START Supplied material

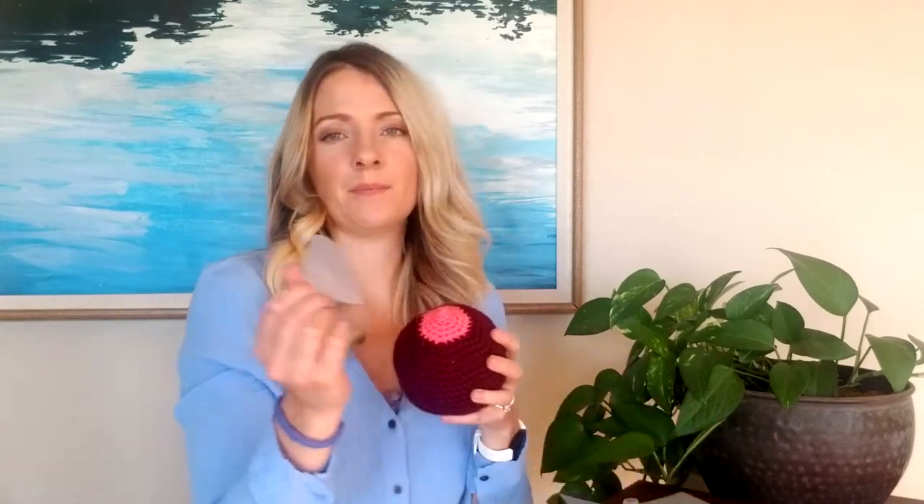Once baby gets used to using the Step 1 nipple shield, you'll introduce them to the Step 2 nipple shield in the same way. Then you can use the Step 3 nipple shield if you feel like you need to. Many moms by then feel their baby is used enough to their regular nipple and don't need Step 3, but some moms do go all the way through all the steps and have had success that way.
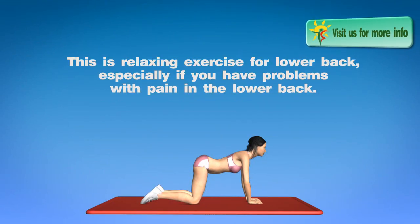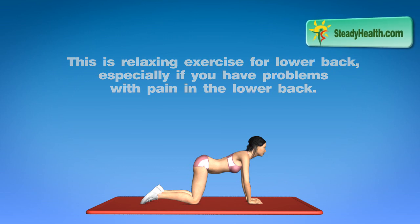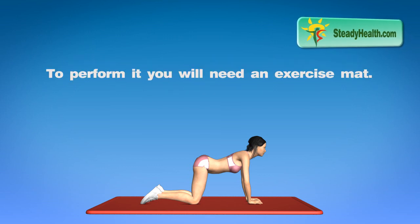This is a relaxing exercise for the lower back, especially if you have problems with pain in the lower back. To perform it, you will need an exercise mat.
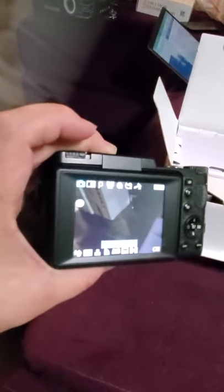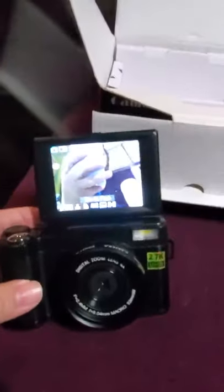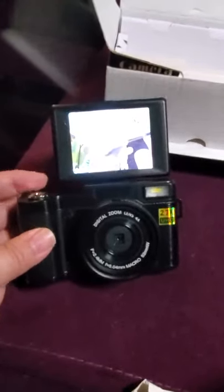This screen on the back is just like many of the other screens you'll see on digital cameras, except you can flip this one up. So if I wanted to take a selfie, I could take a selfie — now you get a good view of me and my phone. Look at the camera!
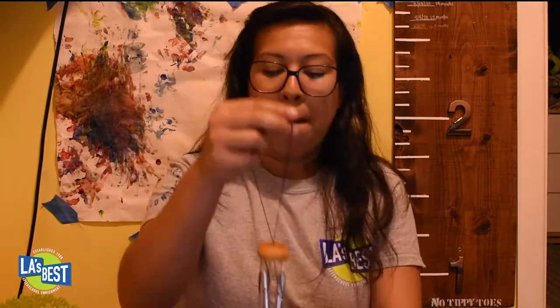Hello, LA's best family and friends! My name is Coach Sarah and I'm one of the coaches from Hazeltine Elementary School. Welcome! Today I'm going to show you how to make your very own wind chime. A lot of you probably don't know what a wind chime is, and a lot of you probably do. Let me show you an example of a wind chime that you can purchase at a store — see, it's so pretty!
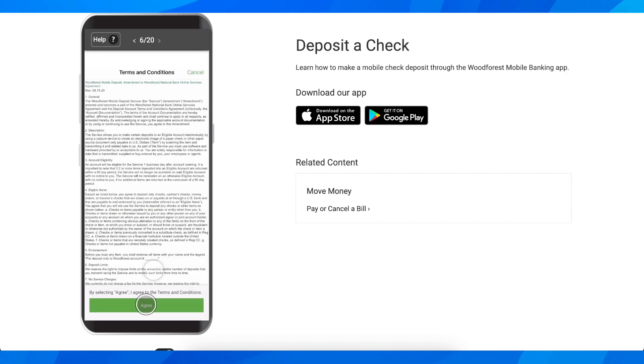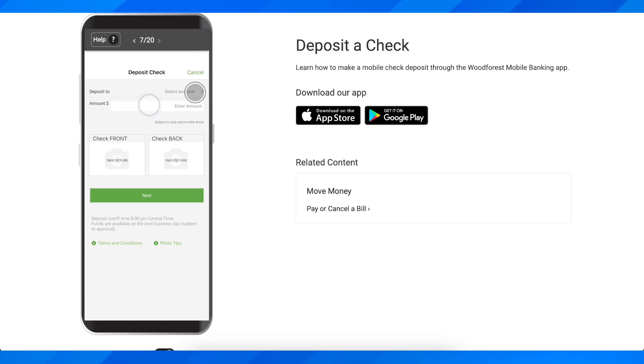Then tap OK, agree with the terms and conditions, and then you're going to have to choose which of your accounts you want to deposit this check to. Choose the available account and then simply enter the amount.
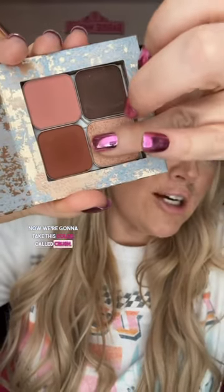Now I'm gonna take this color called Crush — this one's really cool. Inner half of the lid, under the crease, using our finger as a stamp. When you use your finger instead of a brush, you typically get a little less fallout and a little bit more pigment. In my opinion, the payoff is a little bit greater. Totally personal preference.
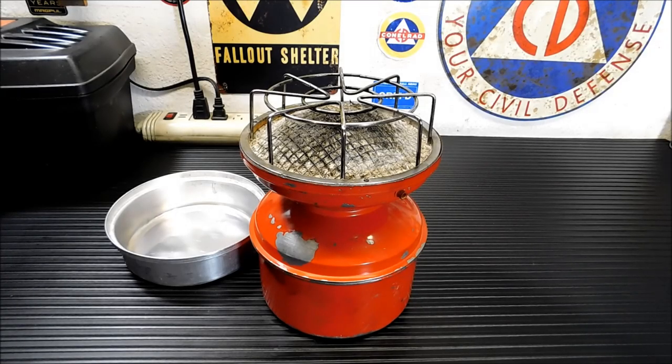Hey everybody, welcome back. Today I'm going to show you how to light a catalytic heater. I'm also going to be restoring this one that I picked up on the cheap.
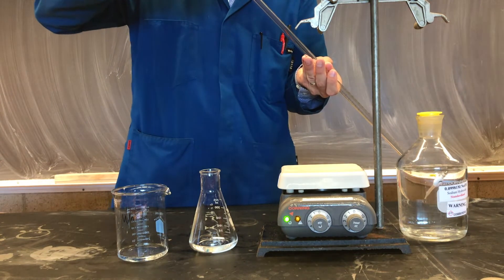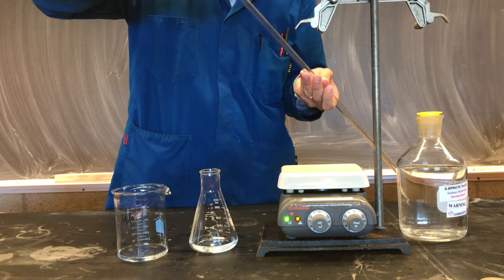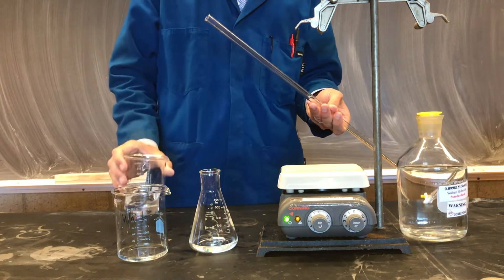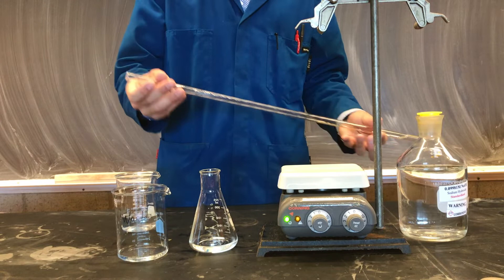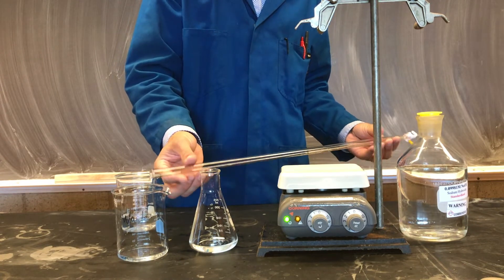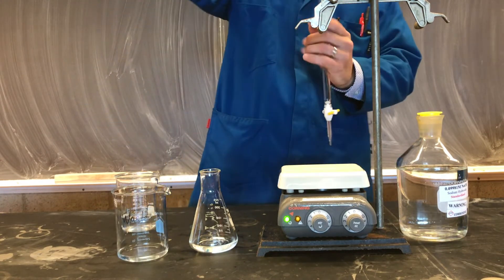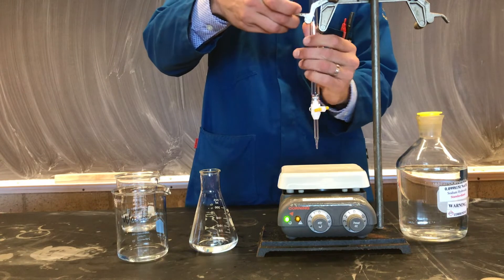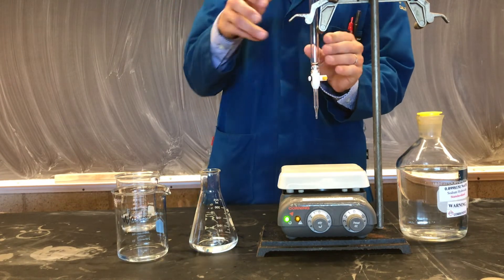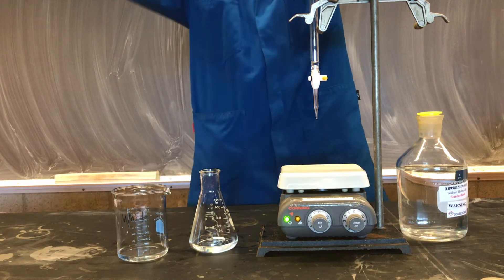We'll put a small amount of our titrant in our burette. We'll then roll the glassware to ensure the entire inside of our burette is coated with our solution, and return it to the burette clamp. Then, using a funnel, we can fill our burette with our titrant.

END Supplied material

**Your task**
Transcribe the whole listing, character for character, but not its images.

**Solution to this exercise**
Once baby gets used to using the Step 1 nipple shield, you'll introduce them to the Step 2 nipple shield in the same way. Then you can use the Step 3 nipple shield if you feel like you need to. Many moms by then feel their baby is used enough to their regular nipple and don't need Step 3, but some moms do go all the way through all the steps and have had success that way.
This is a relaxing exercise for the lower back, especially if you have problems with pain in the lower back. To perform it, you will need an exercise mat.
This screen on the back is just like many of the other screens you'll see on digital cameras, except you can flip this one up. So if I wanted to take a selfie, I could take a selfie — now you get a good view of me and my phone. Look at the camera!
Hello, LA's best family and friends! My name is Coach Sarah and I'm one of the coaches from Hazeltine Elementary School. Welcome! Today I'm going to show you how to make your very own wind chime. A lot of you probably don't know what a wind chime is, and a lot of you probably do. Let me show you an example of a wind chime that you can purchase at a store — see, it's so pretty!
Then tap OK, agree with the terms and conditions, and then you're going to have to choose which of your accounts you want to deposit this check to. Choose the available account and then simply enter the amount.
Now I'm gonna take this color called Crush — this one's really cool. Inner half of the lid, under the crease, using our finger as a stamp. When you use your finger instead of a brush, you typically get a little less fallout and a little bit more pigment. In my opinion, the payoff is a little bit greater. Totally personal preference.
Hey everybody, welcome back. Today I'm going to show you how to light a catalytic heater. I'm also going to be restoring this one that I picked up on the cheap.
We'll put a small amount of our titrant in our burette. We'll then roll the glassware to ensure the entire inside of our burette is coated with our solution, and return it to the burette clamp. Then, using a funnel, we can fill our burette with our titrant.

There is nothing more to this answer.